All capitalized terms not otherwise defined in this letter have the meanings given such terms in the Plan of Conversion (the “Plan”) adopted by the Board of Trustees of Provident Bancorp (the “MHC”) and the Board of Directors of Provident Bancorp, Inc. (the “Mid-Tier”). The Plan provides for the conversion of the MHC into the full stock form of organization. Pursuant to the Plan, the MHC will be merged into the Mid-Tier and the Mid-Tier will merge with Provident Bancorp, Inc., a newly-formed Maryland corporation (the “Company”) with the Company as the resulting entity, and the MHC will no longer exist.

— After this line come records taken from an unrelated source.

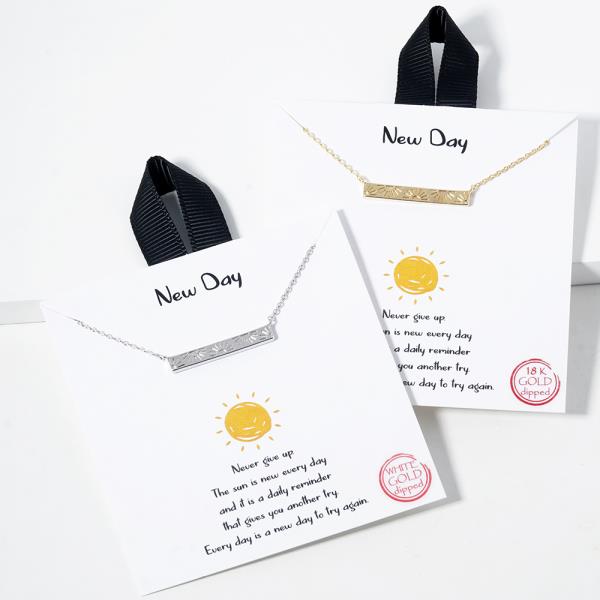 18K GOLD RHODIUM DIPPED SUN IS A NEW DAY NECKLACE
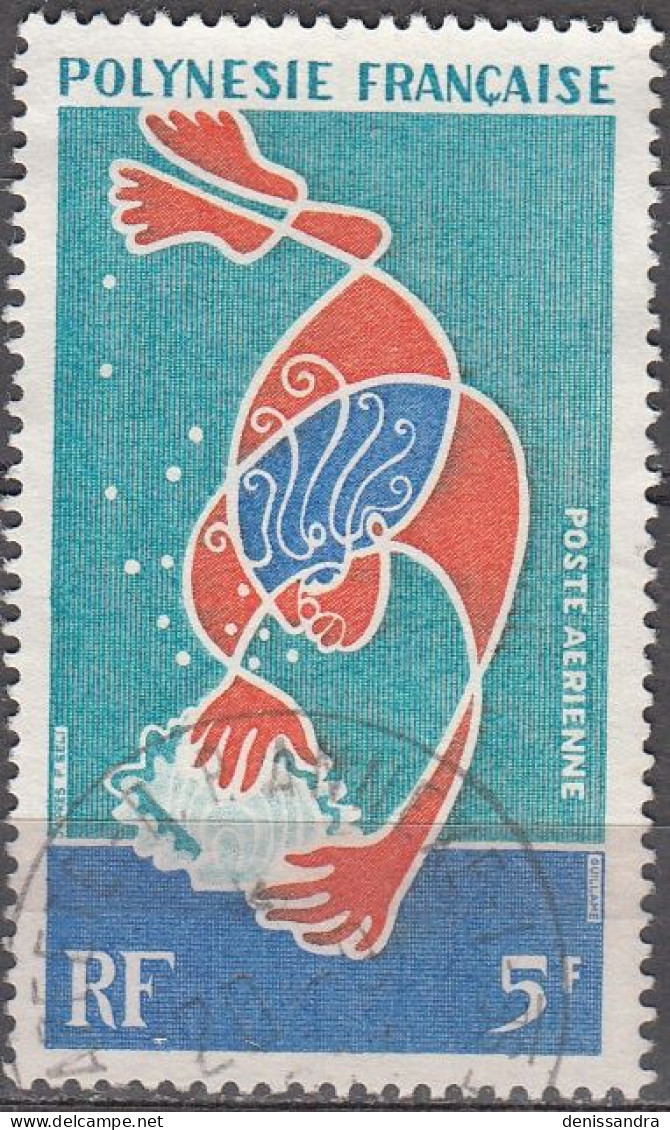 Polynésie Française 1970 Michel 116 O Cote (2005) 1.80 € Plongeur Ramassant La Nacre Cachet Rond - Used Stamps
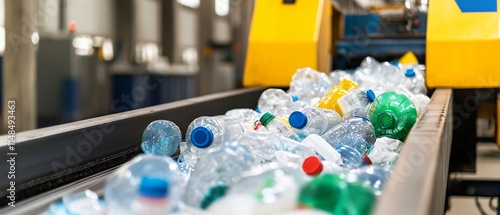 A conveyor belt filled with various plastic bottles ready for recycling. photo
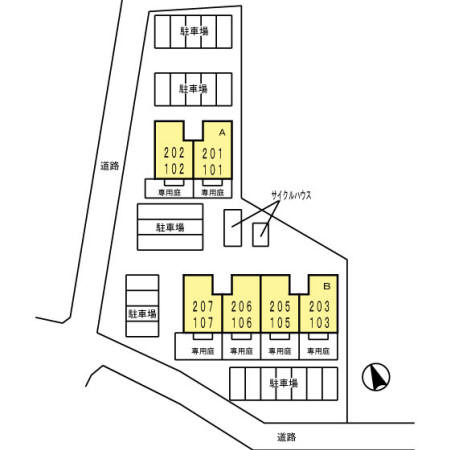 レスペート【キャッシュバック対象】の区画図|カースペースがあります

As part of the Plan, the Company will sell shares of common stock in an offering that will represent the ownership interest in the Mid-Tier now owned by the MHC.

 

We understand that in accordance with the Plan, depositors will receive rights in a liquidation account maintained by the Company representing the amount of (i) the MHC’s ownership interest in the Mid-Tier’s total stockholders’ equity as of the date of the latest statement of financial condition used in the prospectus plus (ii) the value of the net assets of the MHC as of the date of the latest statement of financial condition of the MHC prior to the consummation of the conversion (excluding its ownership of the Mid-Tier). The Company shall continue to hold the liquidation account for the benefit of Eligible Account Holders who continue to maintain deposits in The Provident Bank. The liquidation account is designed to provide payments to depositors of their liquidation interests in the event of liquidation of The Provident Bank (or the Company and The Provident Bank).

 

In the unlikely event that either The Provident Bank (or the Company and the Provident Bank) were to liquidate after the conversion, all claims of creditors, including those of depositors, would be paid first, followed by distribution to depositors as of May 31, 2018. Also, in a complete liquidation of both entities, or of The Provident Bank, when the Company has insufficient assets (other than the stock of The Provident Bank), to fund the liquidation account distribution due to Eligible Account Holders and The Provident Bank has positive net worth, The Provident Bank shall immediately make a distribution to fund the Company’s remaining obligations under the liquidation account. The Plan further provides that if the Company is completely liquidated or sold apart from a sale or liquidation of The Provident Bank, then the rights of Eligible Account Holders in the liquidation account maintained by the Company shall be surrendered and treated as a liquidation account in The Provident Bank, the bank liquidation account and depositors shall have an equivalent interest in such bank liquidation account, subject to the same rights and terms as the liquidation account.

 

   
Washington Headquarters  
4250 North Fairfax Drive Telephone:  (703) 528-1700
Suite 600 Fax No.:  (703) 528-1788
Arlington, VA  22201 Toll-Free No.:  (866) 723-0594
www.rpfinancial.com E-Mail:  mail@rpfinancial.com

 

 

 

 

RP® Financial, LC.

Board of Trustees

Boards of Directors

June 5, 2019

Page 2

 

Based upon our review of the Plan and our observations that the liquidation rights become payable only upon the unlikely event of the liquidation of The Provident Bank (or the Company and The Provident Bank), that liquidation rights in the Company automatically transfer to The Provident Bank in the event the Company is completely liquidated or sold apart from a sale or liquidation of The Provident Bank, and that after two years from the date of conversion and upon written request of the FRB, the Company will transfer the liquidation account and depositors’ interest in such account to The Provident Bank and the liquidation account shall thereupon become the liquidation account of The Provident Bank no longer subject to the Company’s creditors, we are of the belief that: the benefit provided by the Provident Bank liquidation account supporting the payment of the liquidation account in the event the Company lacks sufficient net assets does not have any economic value at the time of the transactions contemplated in the first and second paragraphs above. We note that we have not undertaken any independent investigation of state or federal law or the position of the Internal Revenue Service with respect to this issue.

 

  Sincerely,
 
  RP® Financial, LC.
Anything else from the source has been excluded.